Well, since hardware from different IHV's is inherently going to have different optimizaiton characteristics, there's only so much optimization you can do "for everyone."
 
Chalnoth said:
Well, since hardware from different IHV's is inherently going to have different optimizaiton characteristics, there's only so much optimization you can do "for everyone."

Well, there are two cases here. In the card-detecting-app case, "for everyone" would mean say, all DX9 apps, as opposed to just the high-profile ones, so that a purchaser intending to play a down-market DX9 game, rarely benchmarked by the usual suspects, could still feel reasonably comfortable that performance and reliablility-wise he'll likely see similar relative results as the big titles.

In the app-detecting-card case, I'd say resources are fungible if you get improvements you can rely on over time. This means shorter development times, cheaper games, greater profit margins (which is indirectly good for gamers), better art, add on packs, sequels, or some combination of all. That kind of "for everyone".

And then I woke up. ;)
 
"WALTC *IS* 'THE VERBOSE 3DMARK03 REMEMBERER'"

I've booked my ticket already.

"Somebody" should remember tho.

Before the R300/nV30 I would never have imagined that the events that occured ...... uhm ... would occure. I still can't believe (to some extent) that FX owners are even now posting threads with plaintive cries of "what is wrong with my card".

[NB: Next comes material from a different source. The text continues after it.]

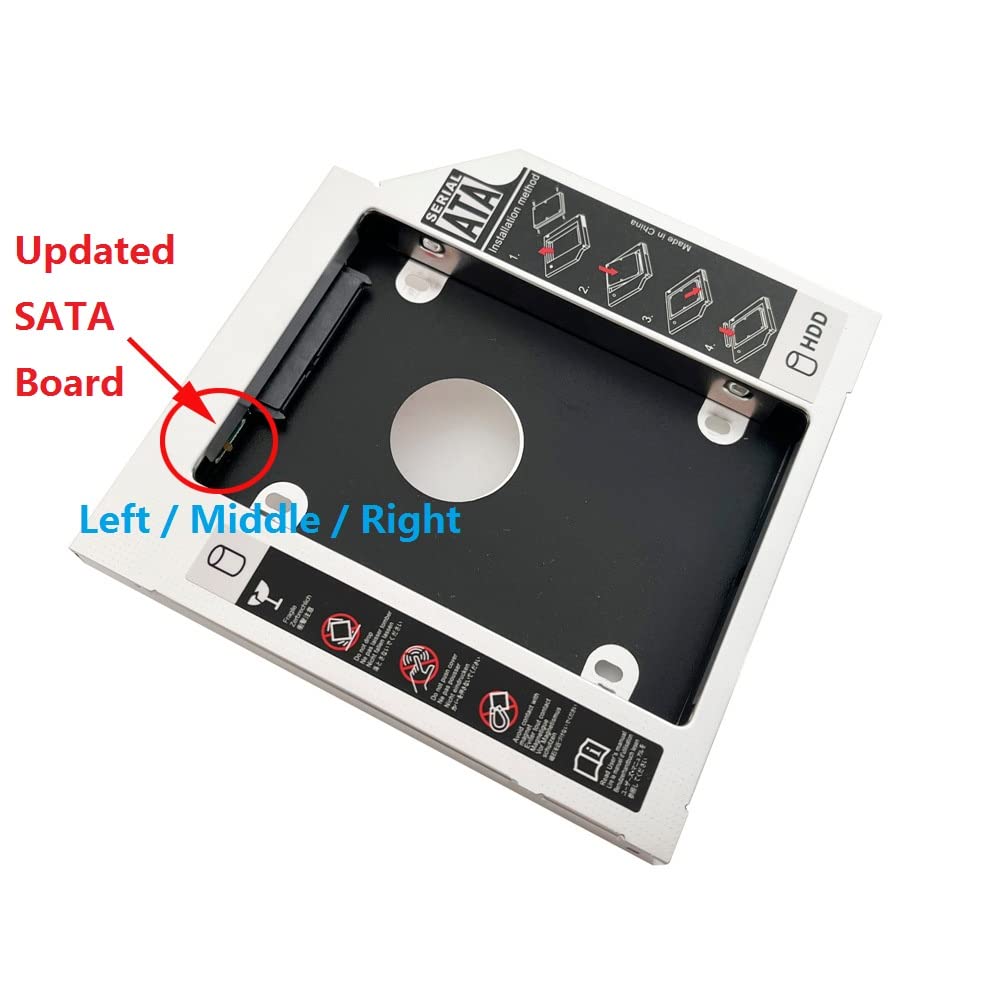 2nd Second SATA Hard Drive HDD SSD Optical Bay Caddy Frame Tray for Toshiba Satellite P740 L855D L855d-s5242 L855-16H L650D L655D L730 L735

With what went on I think there is a need for somebody like Waltc to remind us. Lest we forget. :(
 
DemoCoder said:
"THE NVIDIA 3DMARK03 FIASCO"

"WALTC *IS* 'THE VERBOSE 3DMARK03 REMEMBERER'"

Release day: Christmas 04, in all theaters everywhere. "The Verbose 3DMARK03 Rememberer"


:)

Actually, I had this in mind:

"Those who do not remember the mistakes of the past are doomed to repeat them," or something similar. I wish I could take credit for the sentiment, but of course I can't...;)
 
ondaedg said:
Walt, don't you think you are overdramatizing just a bit? Everyone does app-detection. Get over it.
Do NOT let the Dig or any of them other fanboys hear ya talking like that, they'll crucify ya! :oops:

More seriously, WaltC again sums it up well (and strangely enough succintly too!):

WaltC said:
"Those who do not remember the mistakes of the past are doomed to repeat them," or something similar. I wish I could take credit for the sentiment, but of course I can't...;)
I think trying to re-write history and underplay nVidia's dishonesty is just as bad as demonizing it.
 
digitalwanderer said:
WaltC said:
"Those who do not remember the mistakes of the past are doomed to repeat them," or something similar. I wish I could take credit for the sentiment, but of course I can't...;)
I think trying to re-write history and underplay nVidia's dishonesty is just as bad as demonizing it.

Heh. Unfortunately, the industry is more like your typical family than the green eye-shade cold-blooded captains of industry that you'd expect.

This means a lot of histrionics, pouting, over-reaction, re-reaction, accomodation to new facts, etc, on the way to a higher level of undertstanding.

The model does work, but it is an emotional rollercoaster.
 
The thing is... does anyone know if NVIDIA was the first (which seems to be the assumption here) when it comes to "app detection" (whatever and however general that term means)?